Het bestrijden van corruptie ziet het kabinet ook als een gebied waar binnen de EU meer aandacht aan geschonken zou moeten worden. Het kabinet blijft daarom lidstaten die nog niet deelnemen aan het Europees Openbaar Ministerie (EOM) aansporen dit wel te worden. In hetzelfde kader van de aanpak van ondermijnende criminaliteit, presenteert het kabinet zich ook als een voorstander van grensoverschrijdende justitiële samenwerking tussen EU-lidstaten. Het voorstel van de Commissie om digitale informatie-uitwisseling tussen lidstaten op civiel en strafrechtelijk niveau te verplichten is dan ook positief ontvangen door het kabinet.

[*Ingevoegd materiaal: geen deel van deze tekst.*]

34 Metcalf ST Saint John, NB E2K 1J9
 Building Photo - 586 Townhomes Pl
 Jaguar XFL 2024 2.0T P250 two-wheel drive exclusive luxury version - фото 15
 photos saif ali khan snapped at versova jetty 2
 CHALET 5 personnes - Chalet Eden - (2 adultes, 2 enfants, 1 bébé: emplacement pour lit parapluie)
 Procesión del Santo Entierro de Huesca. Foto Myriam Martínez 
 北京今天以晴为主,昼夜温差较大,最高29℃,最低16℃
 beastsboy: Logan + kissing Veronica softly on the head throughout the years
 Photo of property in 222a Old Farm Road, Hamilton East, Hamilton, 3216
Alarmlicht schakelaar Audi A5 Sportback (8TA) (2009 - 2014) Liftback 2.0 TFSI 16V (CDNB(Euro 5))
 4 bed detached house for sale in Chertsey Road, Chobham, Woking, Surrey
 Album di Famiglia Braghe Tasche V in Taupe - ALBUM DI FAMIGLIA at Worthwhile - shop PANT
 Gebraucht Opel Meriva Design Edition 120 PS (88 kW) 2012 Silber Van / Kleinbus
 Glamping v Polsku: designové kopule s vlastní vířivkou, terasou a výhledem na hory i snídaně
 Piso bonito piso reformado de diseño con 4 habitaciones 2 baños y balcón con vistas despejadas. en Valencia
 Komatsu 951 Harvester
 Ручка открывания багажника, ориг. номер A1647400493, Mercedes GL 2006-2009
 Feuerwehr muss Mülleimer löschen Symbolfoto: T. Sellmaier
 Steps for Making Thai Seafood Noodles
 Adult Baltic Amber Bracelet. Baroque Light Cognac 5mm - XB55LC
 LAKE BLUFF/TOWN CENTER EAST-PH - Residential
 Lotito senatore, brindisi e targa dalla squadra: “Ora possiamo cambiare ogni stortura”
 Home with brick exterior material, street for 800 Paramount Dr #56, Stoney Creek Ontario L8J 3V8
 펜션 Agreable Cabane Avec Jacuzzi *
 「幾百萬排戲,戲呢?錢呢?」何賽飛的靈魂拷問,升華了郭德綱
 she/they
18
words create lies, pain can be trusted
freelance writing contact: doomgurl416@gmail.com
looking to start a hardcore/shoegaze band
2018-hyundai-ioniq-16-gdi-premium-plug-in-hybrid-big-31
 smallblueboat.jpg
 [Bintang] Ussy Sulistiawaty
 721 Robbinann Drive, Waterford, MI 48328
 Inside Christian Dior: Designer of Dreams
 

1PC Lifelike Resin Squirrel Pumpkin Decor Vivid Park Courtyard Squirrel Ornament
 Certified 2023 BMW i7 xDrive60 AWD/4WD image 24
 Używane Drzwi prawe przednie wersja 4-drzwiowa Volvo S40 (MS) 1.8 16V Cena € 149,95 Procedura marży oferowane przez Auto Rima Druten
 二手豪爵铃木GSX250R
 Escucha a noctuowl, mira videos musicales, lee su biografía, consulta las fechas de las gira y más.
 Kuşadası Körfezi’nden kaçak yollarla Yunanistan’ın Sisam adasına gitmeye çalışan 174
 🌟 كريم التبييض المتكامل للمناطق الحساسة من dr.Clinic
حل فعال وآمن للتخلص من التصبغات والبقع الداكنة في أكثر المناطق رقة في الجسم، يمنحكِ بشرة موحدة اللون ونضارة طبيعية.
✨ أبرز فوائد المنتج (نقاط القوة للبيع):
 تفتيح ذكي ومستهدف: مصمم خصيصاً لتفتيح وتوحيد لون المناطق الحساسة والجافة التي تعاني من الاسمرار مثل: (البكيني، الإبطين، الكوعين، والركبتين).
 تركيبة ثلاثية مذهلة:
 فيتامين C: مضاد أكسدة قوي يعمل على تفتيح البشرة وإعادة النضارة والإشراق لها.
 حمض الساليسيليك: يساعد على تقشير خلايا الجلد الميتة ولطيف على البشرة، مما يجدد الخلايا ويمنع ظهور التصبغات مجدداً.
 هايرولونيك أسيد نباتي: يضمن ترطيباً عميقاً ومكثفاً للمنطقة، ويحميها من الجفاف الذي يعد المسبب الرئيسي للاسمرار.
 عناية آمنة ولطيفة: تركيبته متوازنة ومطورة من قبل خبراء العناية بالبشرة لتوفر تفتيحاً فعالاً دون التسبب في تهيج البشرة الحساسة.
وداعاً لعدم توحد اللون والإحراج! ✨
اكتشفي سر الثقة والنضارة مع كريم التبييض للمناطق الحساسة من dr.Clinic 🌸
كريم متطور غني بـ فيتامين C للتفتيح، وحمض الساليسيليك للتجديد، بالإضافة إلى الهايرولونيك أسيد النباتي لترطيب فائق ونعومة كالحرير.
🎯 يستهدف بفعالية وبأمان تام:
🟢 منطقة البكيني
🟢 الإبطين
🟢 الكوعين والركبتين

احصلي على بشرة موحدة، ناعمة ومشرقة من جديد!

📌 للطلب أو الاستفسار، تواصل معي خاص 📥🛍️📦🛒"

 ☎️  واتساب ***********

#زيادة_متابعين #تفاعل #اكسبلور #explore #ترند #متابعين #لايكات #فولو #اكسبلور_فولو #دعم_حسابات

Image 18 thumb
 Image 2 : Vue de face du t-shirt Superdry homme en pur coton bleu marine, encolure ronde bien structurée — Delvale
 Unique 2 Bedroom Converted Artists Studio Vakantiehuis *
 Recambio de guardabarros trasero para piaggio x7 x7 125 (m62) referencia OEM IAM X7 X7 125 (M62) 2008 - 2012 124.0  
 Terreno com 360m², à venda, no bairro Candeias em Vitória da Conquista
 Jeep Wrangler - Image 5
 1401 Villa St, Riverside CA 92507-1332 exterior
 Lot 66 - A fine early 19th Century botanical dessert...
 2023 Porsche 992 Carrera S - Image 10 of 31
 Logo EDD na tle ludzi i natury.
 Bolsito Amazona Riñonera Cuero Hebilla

Vanuit de overtuiging dat burgerparticipatie van groot belang is voor de democratische legitimiteit van de EU, verwelkomt het kabinet de aankondiging van de Commissie dat het de Europese burger in 2023 zal blijven betrekken in de beleidsvorming. Het kabinet organiseert in 2023 en 2024 zelf ook burgerdialogen. Het is hierbij van groot belang dat de burger goed geïnformeerd is over de Europese Unie. Naast de inzet op verschillende communicatiemiddelen zet het kabinet zich daarom ook in voor modernisering van het EU-transparantiebeleid en het toegankelijker maken van de EU-besluitvormingsprocedure. Het kabinet hoopt dat de recentelijke corruptie-aantijgingen in het Europees Parlement een nieuwe impuls zullen geven aan voorstellen die zij in 2019 samen met negen andere lidstaten deden.